The game was designed by Yuji Horii, who was known for his work in the Dragon Quest video game series. The game was influenced by the board game Monopoly programmed predominantly by sole programmer Fukashi Omorita who spent three year developing the game. Omorita created the computer-controlled players personality based on the designed provided by illustrator Arai Kiyokazu.

The game was well received by the reviewers in the Japanese video game magazines Famicom Tsūshin and Hippon Super! on its release. The reviewers pronominally complimented the strategy involved in gameplay and that it was both fun to play with computer controlled opponents and human controlled ones. The game spawned the Itadaki Street video game series which had several sequels as late as 2017.

==Gameplay==
Itadaki Street plays like a board game. Players roll a dice a move a number of spaces indicated across by the die across the board. The path taken in the board game is a loop which will have the player return to the starting point of the bank. The game can be played with up to four human-controlled players. If there are less than four human-controlled players, the computer controls the others.

Across the board are many shops. If the player lands on a shop that is not owned they can purchase it for themself. If another players lands on a shop that is owned, they got a "shopping fee" and have to pay the owner. When passing through the bank, the player can by shares of the any shop across the board. If a player lands on a show they own, they have the ability to invest more into the shop, which increases the shopping fee and the price of the shares of the shop. The goal of the game is to repeat this process and accumulate shops to win. If one player goes bankrupt, the game ends immediately and the current richest player wins.

==Development==
The game design for Itadaki Street was by Yuji Horii, who was known for his work in the Dragon Quest video game series. The character design in the game was by illustrator and manga artist Arai Kiyokazu, who is known for serializing their comic Basikkun that appeared in Login and for over 10 years in Famicom Tsūshin (now Famitsu) as well as the caricatures of reviewers in the same magazine.

Masanobu Endo from Game Studio invited programmer Fukashi Omorita to work on the game as they could not hire anyone from their own studio to work on it. Omorita had previously worked at Namco, where he was in charge of programming for ports of games such as the MSX version of King & Balloon (1984) and the Family Computer (Famicom) version of Galaga (1985). Omorita was the only programmer for the game and created the personality for the characters in the game based on Kiyokazu's illustrations. He described the development period for the game to be very long with it taking about three years to create.

Initially the game had a complete map of America. The game was influenced by the board game Monopoly.

==Release and reception==

Itadaki Street was released for the Family Computer in Japan on March 21, 1991 and was published by the ASCII Corporation.

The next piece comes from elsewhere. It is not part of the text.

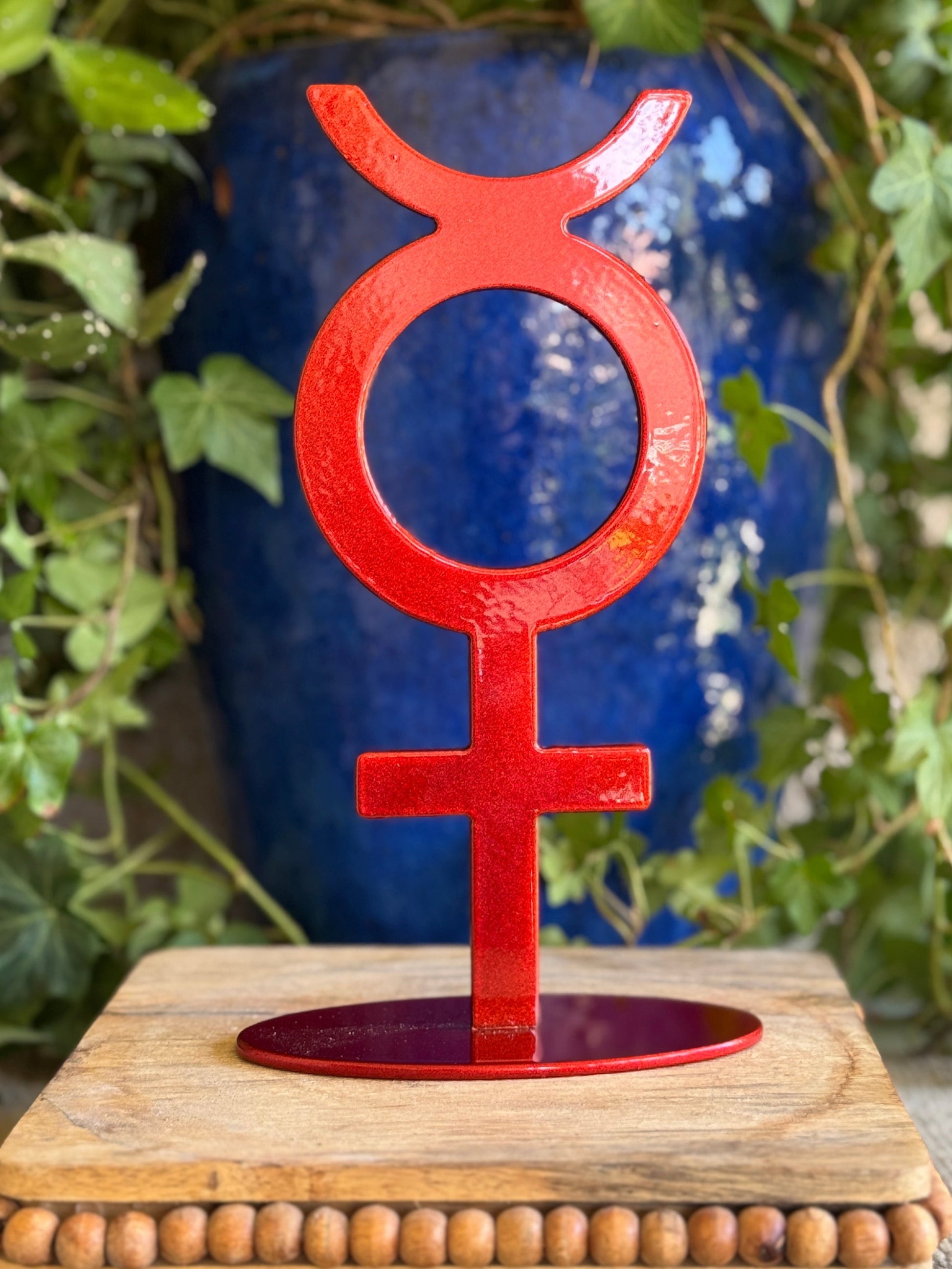 Mercury, red on stand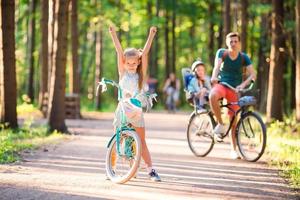 Lycklig familj cykling utomhus på de parkera foto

Four editors of Famicom Tsūshin reviewed the game. Two of the reviewers complimented its ability to make a strategic board game, with one saying that all earlier board games on the Famicom played just like simple dice games. Yoriko Kuriyama of Hippon Super! complimented the games ability to be engaging for novice and experienced and not just to be appealing to male players. She complimented that stock and other prices would rise and lower at different intervals, which were gameplay elements that would not be possible with an actual board game.

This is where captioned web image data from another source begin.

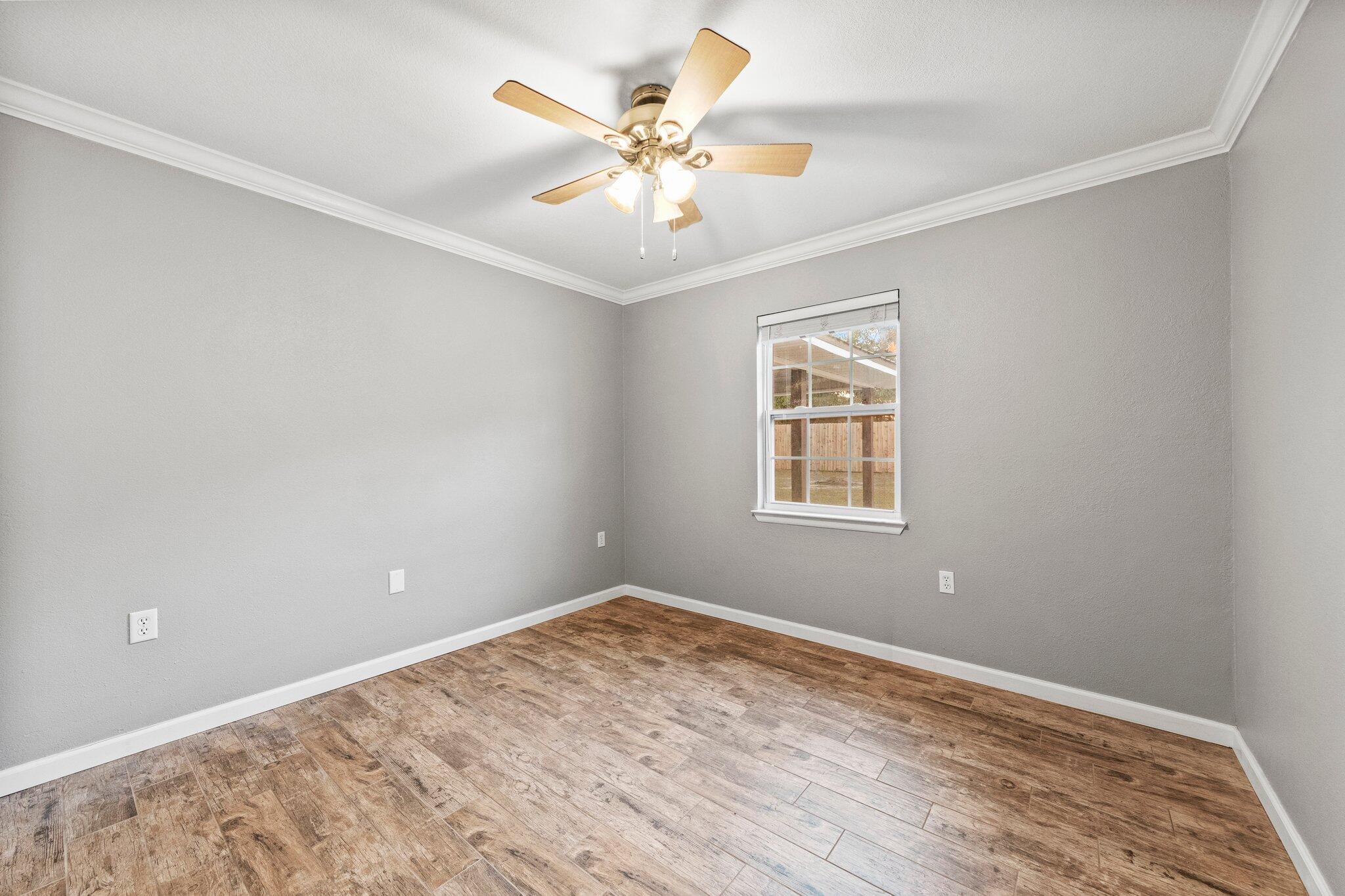 226 Terri Cove Niceville, FL 32578 - Photo 29 of 42 wooden floor in an empty room with a window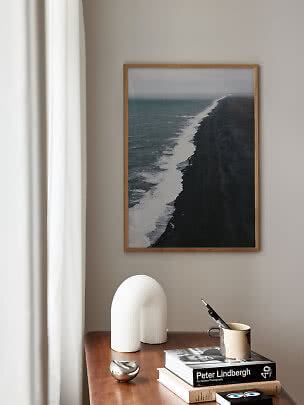Indrammet kystfotografi over sort sandstrand på beige væg over et træbord med bøger og dekoration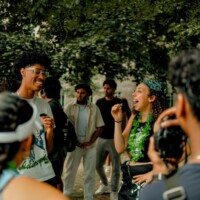 Faculty representatives with microphones getting their picture taken.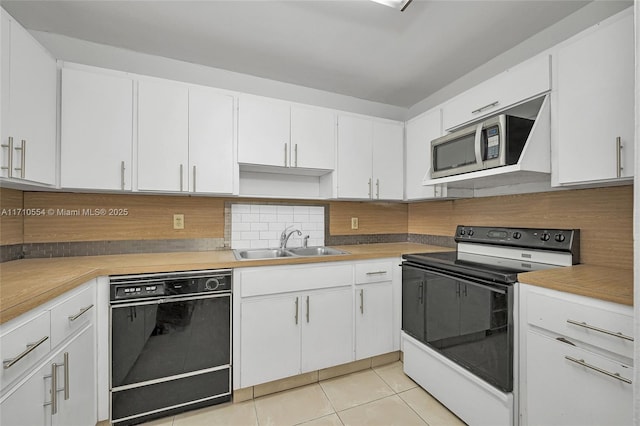 kitchen featuring sink, light tile patterned floors, white range with electric cooktop, black dishwasher, and white cabinetry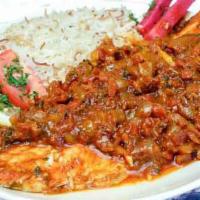 Curry Fish · Grilled white fish seasoned in lemon, olive oil, and spices, topped with thick curry sauce.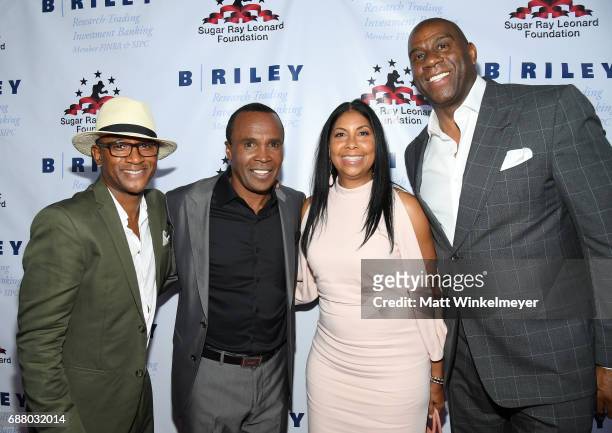 Tommy Davidson, Sugar Ray Leonard, Cookie Johnson, and Magic Johnson attend the B. Riley & Co. 8th Annual "Big Fighters, Big Cause" Charity Boxing...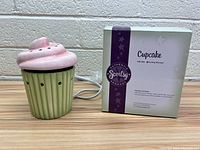 Cupcake-shaped ceramic Scentsy wax warmer next to original box, showing front and side view of item with electric plug cord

The reviewers in both magazines found the game fun with either computer or human-controlled opponents. Ichiro Tezuka of Hippon Super! complimented the quality of the computer's AI routines, saying most computer-controlled players in board played poorly in previous similar games. Kuriyama also complimented the computer-controlled opponents personalities, such as how they threw out insults to unsettle the player. Kuriyama commented that as all the computer players were between the age of 15 and 20, she wished for one that was older. Reviewers in Famicom Tsūshin generally found the game to be more fun when played with human players.

Review scores
| Publication | Score |
|---|---|
| Famicom Tsūshin | 9/10, 8/10, 9/10, 8/10 |
| Hippon Super! [jp] | 8/10, 4/5 |

==Legacy==
Itadaki Street would become a video game series with sequels on a variety of video game consoles including the Super Famicom and PlayStation. The first sequel was published by Enix with the rest of the sequels being published by Square Enix. The series had also had crossovers, such as Itadaki Street: Dragon Quest & Final Fantasy 30th Anniversary (2017) to commemorates the 30th anniversaries of both Dragon Quest and Final Fantasy.

Omorita said the experience on developing the first Itadaki Street over three years led him to be able to develop the Super Famicom version of Monopoly for Tomy in about three months.